PARIS (Reuters) – French banking group Credit Mutuel Alliance Federale said on Thursday that from July 2024 it would stop financing energy companies that aren’t on track to reduce their oil and gas production.
Credit Mutuel, a Strasbourg-based cooperative bank that regroups 14 regional bodies, already excludes companies with coal mining, power or coal infrastructure expansion plans.
“Any energy company that does not have a proven trajectory of decreasing hydrocarbon production from one year to the next will no longer be eligible for financing from Credit Mutuel Alliance Federale and its subsidiaries,” it said in a statement.

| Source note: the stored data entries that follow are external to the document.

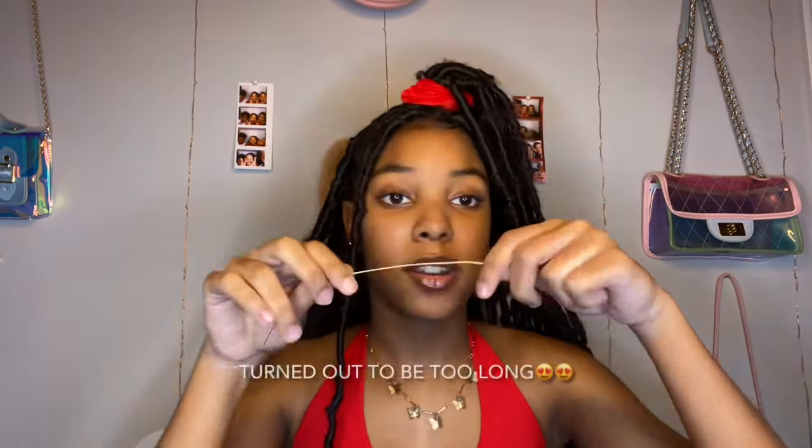So the first one I'm going to show y'all how to make is the most requested one — the snake. That one I just showed y'all is a little bit big for my nose, but I can make it smaller. I'm going to need like this much wire, so I just get my scissors and cut it. I think this piece might be too short, so I'm going to set it aside and use it later. So I cut off my piece of wire.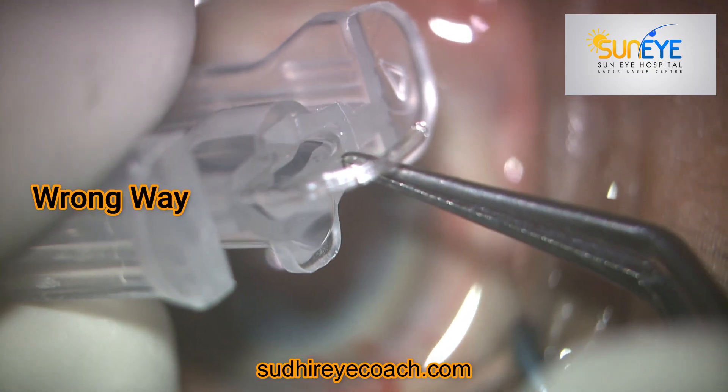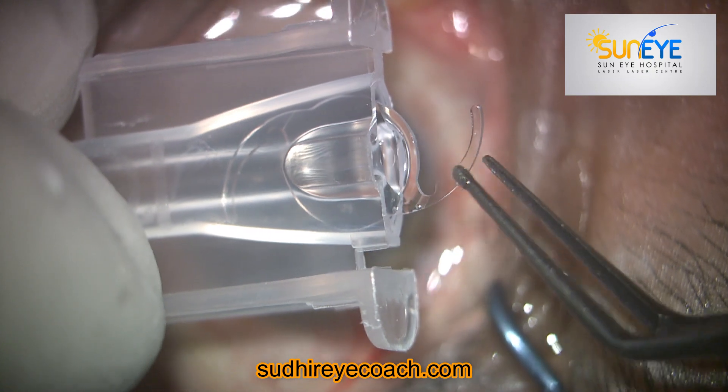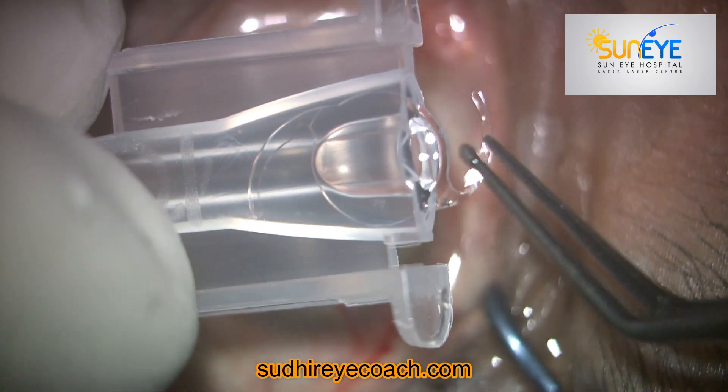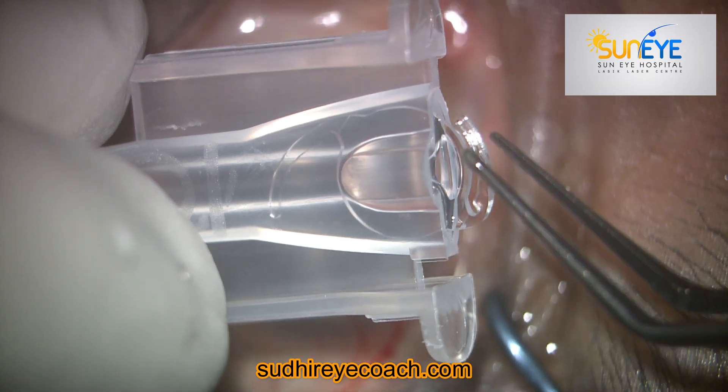For biometry and power calculation, you can use the same approach you are already using for Tecnis IOL implantation — nothing changes in the way you perform the biometry.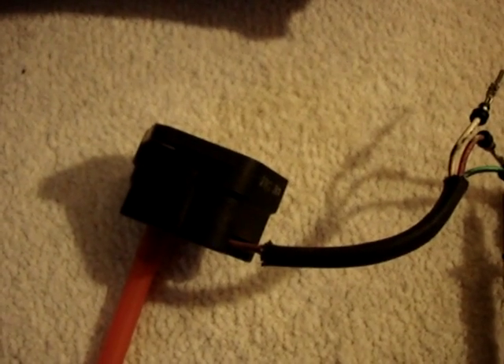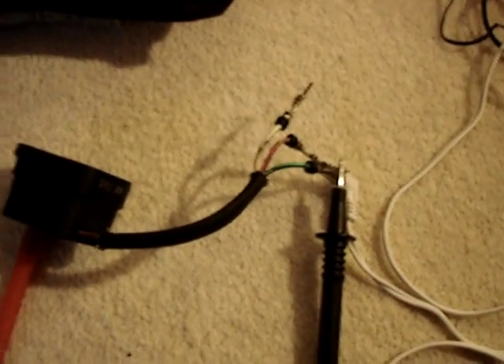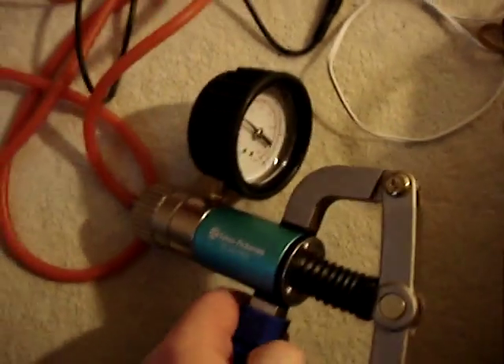I'm going to explain how a vehicle MAP sensor sends its signal to the ECU. I've got here the MAP sensor with the vacuum and pressure line attached. I've also rigged up a 5 volt power supply, which is the correct voltage for the MAP sensor. I've also got a multimeter and a pressure or vacuum hand pump, and that's attached to the MAP sensor.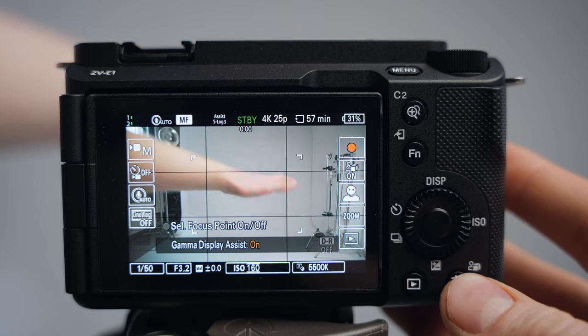Another cool thing to experiment with is monitor brightness. In the toolbox, go down to number seven — Monitor and Monitor Brightness. You can change it to sunny weather mode for a really bright display, though it consumes more battery. I often have this on but sometimes not — it's totally up to you. And that's how I set up the Sony ZV-E1.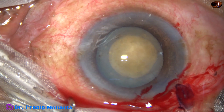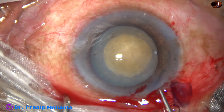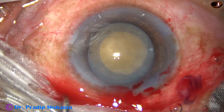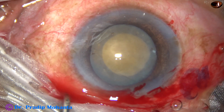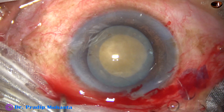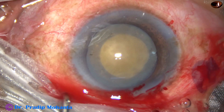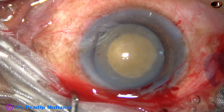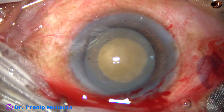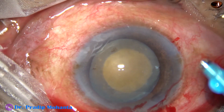With this size of rhexis, if CTR is required, it will be easy to apply. Some more visco is injected into the anterior chamber, and then the tip of the phaco handpiece is being introduced into the anterior chamber.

The announcement coincided with the publication of the 2023 edition of the “Banking on Climate Report”, in which advocacy groups such as Rainforest Action Network, Oil Change International and Reclaim Finance list every year the lenders most exposed to the financing of fossil fuels.
Credit Mutuel increased fossil fuel financing — defined as loans and underwriting for bonds and equities — eightfold in 2022 to $108 million, according to the report.
Credit Mutuel did not immediately respond to a request for comment on that figure.
“Reclaim Finance welcomes the group’s willingness to change course but regrets the clumsy approach of reducing production when the stated objective is to stop oil and gas expansion,” the advocacy group said in a statement.